Film : El Futuro
Espagne, 2013, 67’
Réalisateur : Luis López Carrasco
Première française
Une métaphore ou comment plusieurs générations d’espagnols se sont abandonnés à la fête du capitalisme tardif, sans penser à la gueule de bois du néolibéralisme.

El Futuro, ça commence comme ça, dans le passé !
La célébration de la première victoire socialiste. La prononciation des promesses de l’époque: celles de la modernisation, du progrès et de la solidarité. Un écran noir.
Coupez !
On est en 1982.

Là, tout est réuni…
La nuit est dominée par un esprit d’euphorie. La victoire socialiste toute fraiche.
Un grand appart’ avec plusieurs pièces et différentes ambiances. Y’a du monde, à boire… Des verres qui se remplissent. Indéfiniment… Ca trinque, ça rit, ça s’observe, ça se découvre, ça se drague…
Ca parle de tout : de sexe, de famille, de progrès technologique, de mobilisation politique, d’emploi…
Ca danse.
On passe d’une pièce à l’autre, on a vraiment la sensation de faire partie de cette beuverie géante.
On écoute une musique des années 80, symbole du mouvement culturel créatif qui a touché l’Espagne pendant la période de transition démocratique : « La Movida Madrilena ».

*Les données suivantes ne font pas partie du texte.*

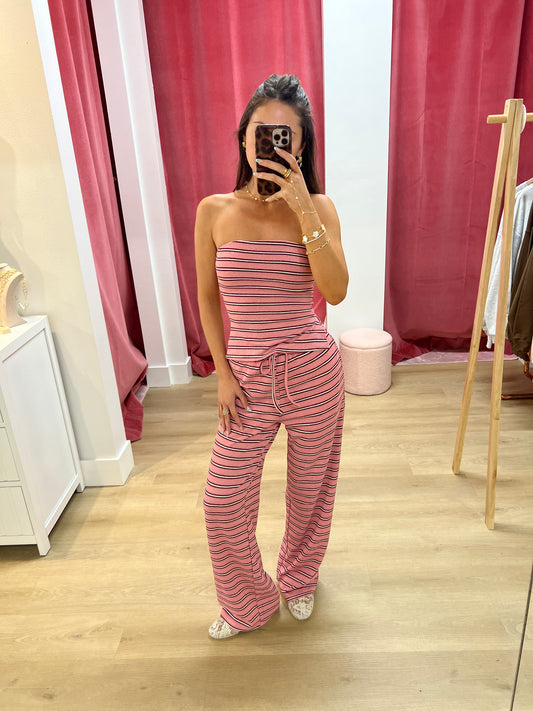 Kalani Striped Drawstring Wide Leg Pants - pink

On est en 1982 et on s’éclate.
En plus du son, les scènes sont filmées en 16mm. Esthétique Underground du cinéma espagnol des années 80, costumes rétro, maquillage coloré et déco défraîchie font le lien avec l’époque. Ils créent l’illusion historique.
Les changements de plans, brutaux, permettent de plonger pleinement dans l’ambiance de la fête.
Mais en réalité, on ne s’éclate pas longtemps. Très vite, une sensation pesante.
Des détériorations d’images, des bugs de sons, des flashs blancs semblent montrer les échecs du temps…
Petit à petit, la musique se fait plus lointaine, moins audible, jusqu’à disparaître complètement. On s’ennuie, on se demande combien de temps ça va durer ! On assiste à une sorte de déchéance dont on commence à se sentir exclu.
Des coupes abruptes, des plans de travers, floutés, surexposés, figés renforcent ce sentiment.
Et, alors quand la fête est ENFIN terminée. On est en 2014. Rien n’a changé. On s’est pris 30 ans, comme ça, dans la face, d’un coup.

En Espagne, en 1982, tout semblait possible. Mais « tout » s’est terminé, est arrivé très vite. Tout est comme « tombé » dans un trou noir.
On a la gueule de bois. Oui, on sort de la salle avec un mal de crâne et une certaine fébrilité, un peu perdu dans le passé, le présent, le futur.
30 ans de démocratie, résumés en 1h d’orgie. 30 ans au cours desquels l’Espagne se réveille, s’enivre, ravie de laisser derrière elle 40 ans de dictature et d’isolement.
Puis elle s’endort, embrasse et intègre, les yeux fermés, le discours néolibéral dominant de la scène internationale.

Il y a un proverbe français qui dit : « il n’y a pas de bonne fête, sans lendemain… ».
Dans El Futuro, justement, il n’y a pas de lendemain.
La fête est l’expression d’un sentiment de perte, d’un avenir incertain. Fragile, absent. Cette fête ne fait plus rêver. Et je n’ai pas été la seule à le penser.

Alors pour vous faire votre propre avis, El Futuro ne passe malheureusement plus dans le cadre du FID… Mais vous pouvez toujours rassasier votre curiosité à la vidéothèque du MUCEM.